The mistakes that ruin studies

These are structural — they can't be fixed in analysis, only in design.

  1. Pseudoreplication. Treating repeated measurements of one unit as independent replicates: 3 mice with 100 cells each is n = 3 (mice), not n = 300 (cells), for any treatment applied to the mouse. The replicate must be at the level the treatment is randomized. This single error invalidates a large share of published experiments. Randomize and replicate at the right level; analyze with the nesting respected (mixed model). See references/design_types.md.
  2. Confounding by a nuisance variable. Running all treatment samples on Monday and all controls on Tuesday confounds treatment with day. Randomize across, or block on, every nuisance factor you can name (batch, day, plate, technician, instrument, position).
  3. No or broken randomization. Convenience assignment (first-come → treatment) lets confounders sneak in. Use a seeded schedule and follow it.
  4. No proper control. Without a concurrent control (and, where relevant, a vehicle/sham and blinding), you can't separate the treatment effect from time, placebo, or handling effects.
  5. Batch effects mistaken for biology. In omics especially, process samples in a randomized/blocked order across batches; never let batch align with the condition.
  6. Edge/position effects on plates. Evaporation and thermal gradients make plate edges differ. Randomize or block sample positions; don't put all controls in column 1.
  7. Aliasing ignored in fractional designs. A low-resolution fractional factorial confounds main effects with interactions; know your alias structure before concluding a factor "has no effect."
  8. Optimizing without curvature. A two-level factorial can't detect a curved response; you'll miss an interior optimum. Use a response-surface design.

Workflow

  1. State the question, the unit, and the response. What is randomized? What is measured? At what level is a true independent replicate?

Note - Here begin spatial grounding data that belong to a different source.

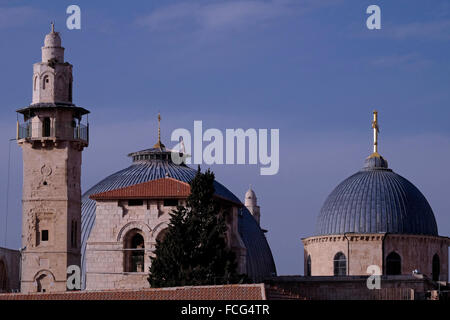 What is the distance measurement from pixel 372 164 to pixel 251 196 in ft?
49.0

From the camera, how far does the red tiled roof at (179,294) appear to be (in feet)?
157

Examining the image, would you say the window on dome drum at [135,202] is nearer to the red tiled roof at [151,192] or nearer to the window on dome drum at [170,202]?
the red tiled roof at [151,192]

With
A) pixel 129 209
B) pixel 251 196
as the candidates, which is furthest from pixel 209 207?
pixel 251 196

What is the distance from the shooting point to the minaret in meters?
94.4

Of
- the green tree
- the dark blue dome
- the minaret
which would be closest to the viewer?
the green tree

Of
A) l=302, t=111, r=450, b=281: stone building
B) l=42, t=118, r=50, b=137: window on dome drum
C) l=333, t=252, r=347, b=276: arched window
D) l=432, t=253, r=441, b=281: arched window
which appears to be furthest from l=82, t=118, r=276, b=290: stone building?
l=432, t=253, r=441, b=281: arched window

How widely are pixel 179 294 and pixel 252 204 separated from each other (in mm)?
47098

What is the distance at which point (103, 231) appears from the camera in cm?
6300

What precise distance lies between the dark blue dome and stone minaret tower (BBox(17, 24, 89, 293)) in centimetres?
1954

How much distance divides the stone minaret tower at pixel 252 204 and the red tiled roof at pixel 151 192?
30.5m

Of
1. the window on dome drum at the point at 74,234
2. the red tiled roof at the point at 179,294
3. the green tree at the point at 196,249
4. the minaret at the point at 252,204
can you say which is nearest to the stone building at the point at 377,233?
the minaret at the point at 252,204

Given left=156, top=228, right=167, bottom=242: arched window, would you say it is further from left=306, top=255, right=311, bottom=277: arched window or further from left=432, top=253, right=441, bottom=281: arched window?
left=432, top=253, right=441, bottom=281: arched window

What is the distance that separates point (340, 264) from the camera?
7900 centimetres

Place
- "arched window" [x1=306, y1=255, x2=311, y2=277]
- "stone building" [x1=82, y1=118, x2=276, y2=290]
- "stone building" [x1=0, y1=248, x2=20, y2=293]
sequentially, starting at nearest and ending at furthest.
Result: "stone building" [x1=82, y1=118, x2=276, y2=290] < "stone building" [x1=0, y1=248, x2=20, y2=293] < "arched window" [x1=306, y1=255, x2=311, y2=277] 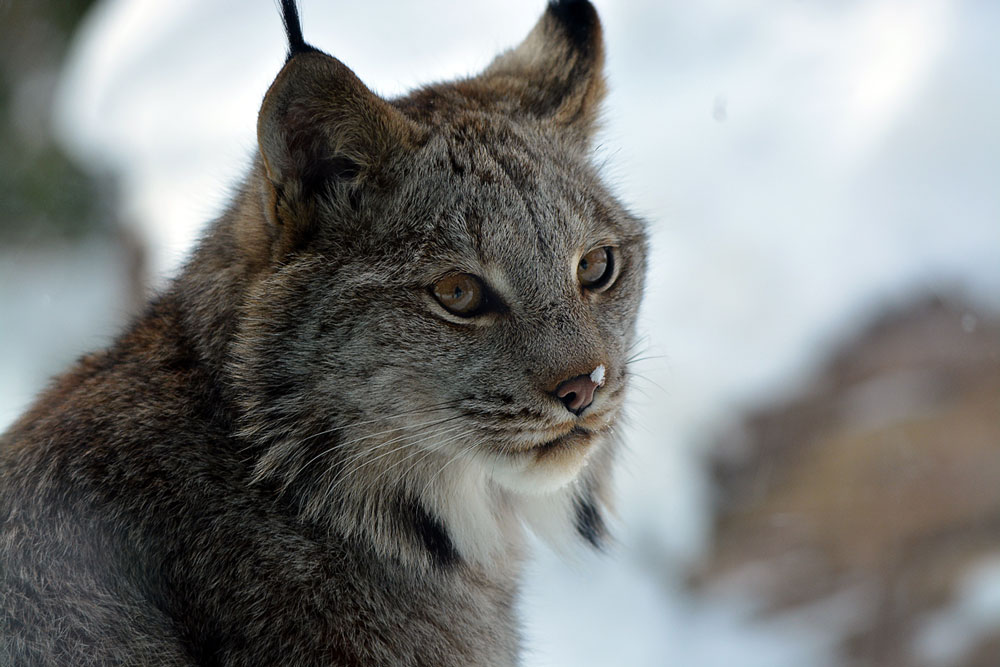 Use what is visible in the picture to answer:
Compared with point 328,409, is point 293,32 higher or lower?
higher

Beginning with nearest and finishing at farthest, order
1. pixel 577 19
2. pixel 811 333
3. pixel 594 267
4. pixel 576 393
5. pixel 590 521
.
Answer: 1. pixel 576 393
2. pixel 594 267
3. pixel 577 19
4. pixel 590 521
5. pixel 811 333

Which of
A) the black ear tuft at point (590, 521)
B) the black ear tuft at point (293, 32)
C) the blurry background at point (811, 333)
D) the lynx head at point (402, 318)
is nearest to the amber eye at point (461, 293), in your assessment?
the lynx head at point (402, 318)

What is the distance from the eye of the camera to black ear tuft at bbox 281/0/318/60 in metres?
1.45

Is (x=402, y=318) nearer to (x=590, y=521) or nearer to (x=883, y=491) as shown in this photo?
(x=590, y=521)

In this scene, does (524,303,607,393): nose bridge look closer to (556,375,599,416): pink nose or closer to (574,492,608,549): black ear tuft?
(556,375,599,416): pink nose

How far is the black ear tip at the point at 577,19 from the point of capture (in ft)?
→ 6.37

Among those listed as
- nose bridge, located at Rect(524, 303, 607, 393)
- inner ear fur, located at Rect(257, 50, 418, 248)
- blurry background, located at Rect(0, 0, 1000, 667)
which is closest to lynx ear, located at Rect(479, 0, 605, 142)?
inner ear fur, located at Rect(257, 50, 418, 248)

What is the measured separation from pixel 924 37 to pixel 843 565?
73.6 inches

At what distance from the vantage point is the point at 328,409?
1.62 meters

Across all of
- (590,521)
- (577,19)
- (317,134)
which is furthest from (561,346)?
(577,19)

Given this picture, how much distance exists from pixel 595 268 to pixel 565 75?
0.44 meters

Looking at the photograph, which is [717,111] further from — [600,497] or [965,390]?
Result: [600,497]

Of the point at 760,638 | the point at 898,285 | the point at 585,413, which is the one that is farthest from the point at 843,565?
the point at 585,413

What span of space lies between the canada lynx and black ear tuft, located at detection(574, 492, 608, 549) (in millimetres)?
330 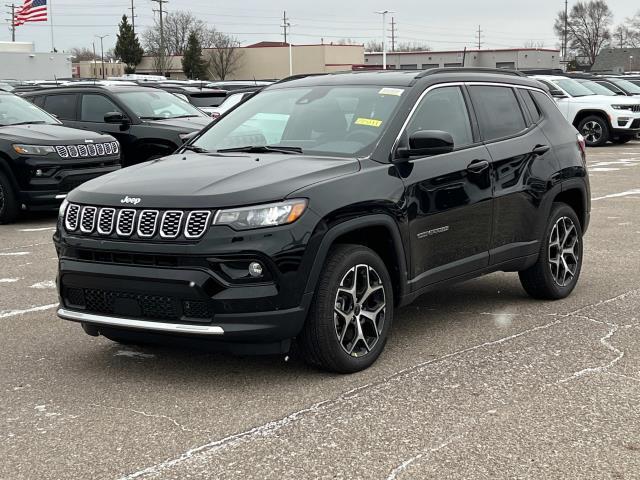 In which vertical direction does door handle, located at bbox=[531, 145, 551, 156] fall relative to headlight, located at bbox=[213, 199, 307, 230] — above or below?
above

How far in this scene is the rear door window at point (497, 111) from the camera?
248 inches

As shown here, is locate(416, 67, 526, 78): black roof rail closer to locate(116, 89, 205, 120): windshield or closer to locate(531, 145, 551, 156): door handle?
locate(531, 145, 551, 156): door handle

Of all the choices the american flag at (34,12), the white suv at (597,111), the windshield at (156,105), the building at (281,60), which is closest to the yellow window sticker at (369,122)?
the windshield at (156,105)

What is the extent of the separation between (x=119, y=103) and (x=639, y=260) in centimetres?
860

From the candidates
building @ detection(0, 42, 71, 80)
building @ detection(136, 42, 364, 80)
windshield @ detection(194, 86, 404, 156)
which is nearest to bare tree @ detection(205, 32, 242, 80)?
building @ detection(136, 42, 364, 80)

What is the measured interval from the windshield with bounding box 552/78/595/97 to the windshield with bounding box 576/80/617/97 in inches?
13.4

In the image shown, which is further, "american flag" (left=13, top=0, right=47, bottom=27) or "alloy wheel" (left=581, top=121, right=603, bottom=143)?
"american flag" (left=13, top=0, right=47, bottom=27)

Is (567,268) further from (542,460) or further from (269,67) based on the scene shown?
(269,67)

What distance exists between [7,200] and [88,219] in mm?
6963

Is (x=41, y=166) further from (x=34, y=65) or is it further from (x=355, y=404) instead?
(x=34, y=65)

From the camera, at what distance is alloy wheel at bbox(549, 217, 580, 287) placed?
22.5ft

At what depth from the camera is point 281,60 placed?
88188 millimetres

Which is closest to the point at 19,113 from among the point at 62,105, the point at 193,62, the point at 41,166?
the point at 41,166

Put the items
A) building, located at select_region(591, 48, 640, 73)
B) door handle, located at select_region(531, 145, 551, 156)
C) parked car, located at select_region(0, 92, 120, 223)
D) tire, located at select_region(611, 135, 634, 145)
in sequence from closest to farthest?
door handle, located at select_region(531, 145, 551, 156) → parked car, located at select_region(0, 92, 120, 223) → tire, located at select_region(611, 135, 634, 145) → building, located at select_region(591, 48, 640, 73) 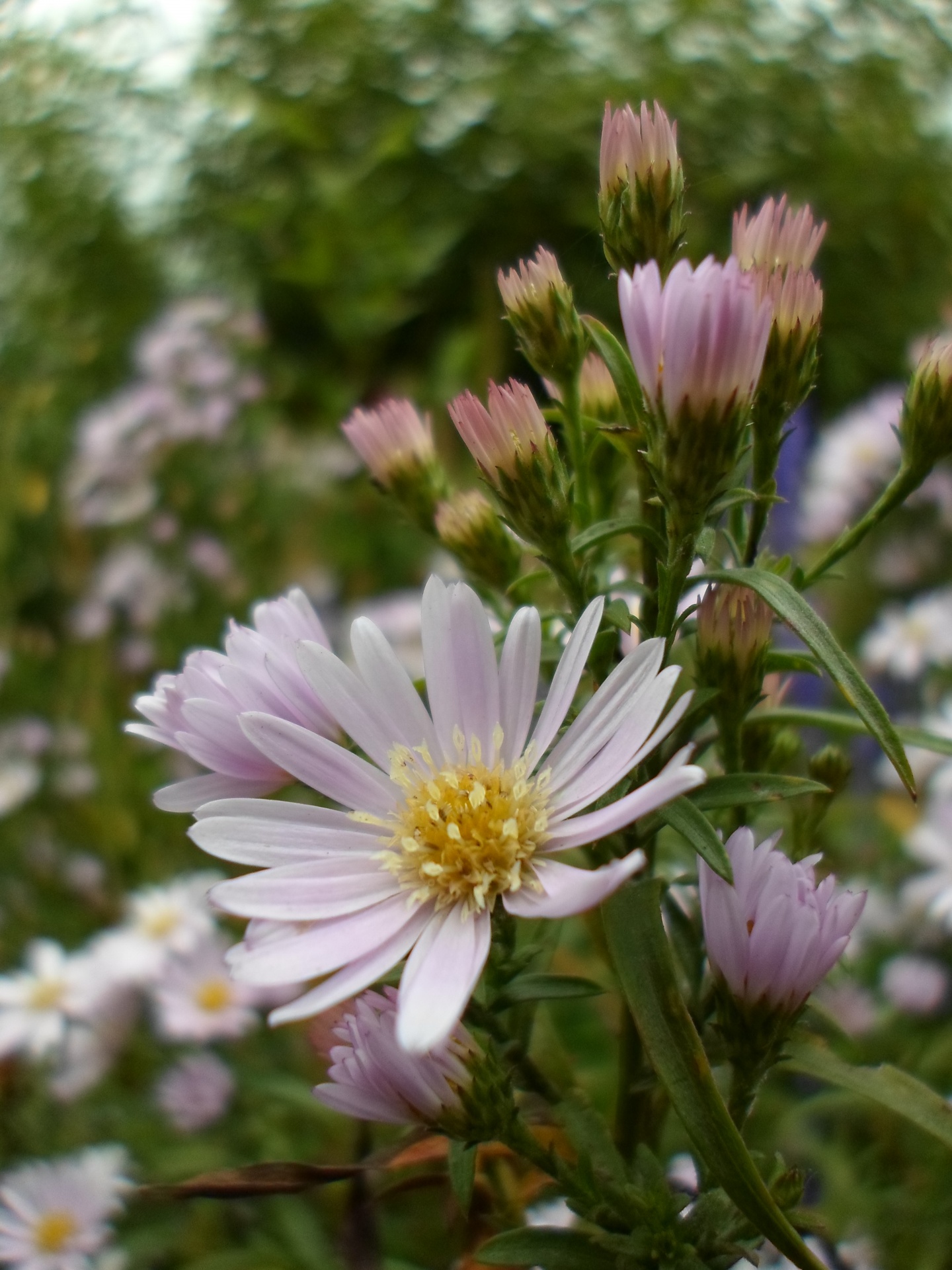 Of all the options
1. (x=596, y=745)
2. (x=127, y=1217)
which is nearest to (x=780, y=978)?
(x=596, y=745)

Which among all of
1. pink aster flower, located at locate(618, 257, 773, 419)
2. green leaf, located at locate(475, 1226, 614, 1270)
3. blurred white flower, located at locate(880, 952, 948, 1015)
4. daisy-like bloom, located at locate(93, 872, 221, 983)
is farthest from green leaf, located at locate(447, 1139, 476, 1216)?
blurred white flower, located at locate(880, 952, 948, 1015)

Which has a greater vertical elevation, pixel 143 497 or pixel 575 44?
pixel 575 44

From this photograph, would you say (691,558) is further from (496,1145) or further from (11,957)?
(11,957)

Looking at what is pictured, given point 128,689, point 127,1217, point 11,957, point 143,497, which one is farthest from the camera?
point 128,689

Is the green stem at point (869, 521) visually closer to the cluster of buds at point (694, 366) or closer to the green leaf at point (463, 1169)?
the cluster of buds at point (694, 366)

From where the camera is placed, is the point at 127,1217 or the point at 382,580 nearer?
the point at 127,1217

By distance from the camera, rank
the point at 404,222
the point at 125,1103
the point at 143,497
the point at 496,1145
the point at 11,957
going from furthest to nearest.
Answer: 1. the point at 404,222
2. the point at 143,497
3. the point at 11,957
4. the point at 125,1103
5. the point at 496,1145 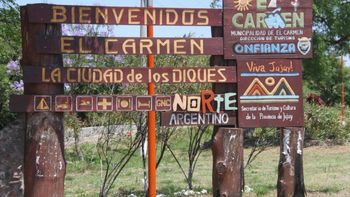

This determines everything.
  2. List nuisance factors (batch, day, site, operator, position) — plan to block, stratify, or randomize across each.
  3. Pick the design using the decision tree and reference files.
  4. Decide replication at the correct level (and get n from the statistical-power skill for the chosen design).
  5. Generate the layout with randomization.py / doe_designs.py, seeded.
  6. Randomize run/processing order and plate/batch positions.
  7. Document the design, seed, and schedule (pre-register if possible) so the analysis is confirmatory and the layout is auditable.
  8. Match the analysis to the design — blocks, strata, clusters, and nesting must appear in the model (hand off to statistical-analysis / statsmodels).

Resources

Scripts

  • scripts/randomization.py — seeded allocation schedules: simple_randomization, block_randomization, stratified_block_randomization, cluster_randomization, assign_factorial_runs, arm_balance.
  • scripts/doe_designs.py — DOE matrices in real units: full_factorial, two_level_factorial, fractional_factorial, plackett_burman, central_composite, box_behnken, latin_hypercube.

References

  • references/randomization_and_blocking.md — randomization methods, blocking, stratification, controls, blinding, batch/plate layout.
  • references/factorial_and_doe.md — factorial and fractional designs, resolution and aliasing, screening, and response-surface methodology.
  • references/design_types.md — completely randomized, randomized block, crossover, repeated-measures, split-plot, Latin-square, cluster, and nested designs; the pseudoreplication problem in depth.
  • references/sequential_and_adaptive.md — group-sequential designs, alpha spending, interim stopping, and adaptive sample-size re-estimation.
  • statistical-power — required sample size / power for the design you've chosen.
  • statistical-analysis — running and reporting the analysis after collection.
  • statsmodels / pymc — fitting the models the design implies.

Key references

  • Fisher, R. A. (1935). The Design of Experiments.
  • Montgomery, D. C. (2019). Design and Analysis of Experiments (10th ed.).
  • Hurlbert, S. H. (1984). Pseudoreplication and the design of ecological field experiments. Ecological Monographs, 54(2), 187–211.
  • Lazic, S. E. (2016). Experimental Design for Laboratory Biologists.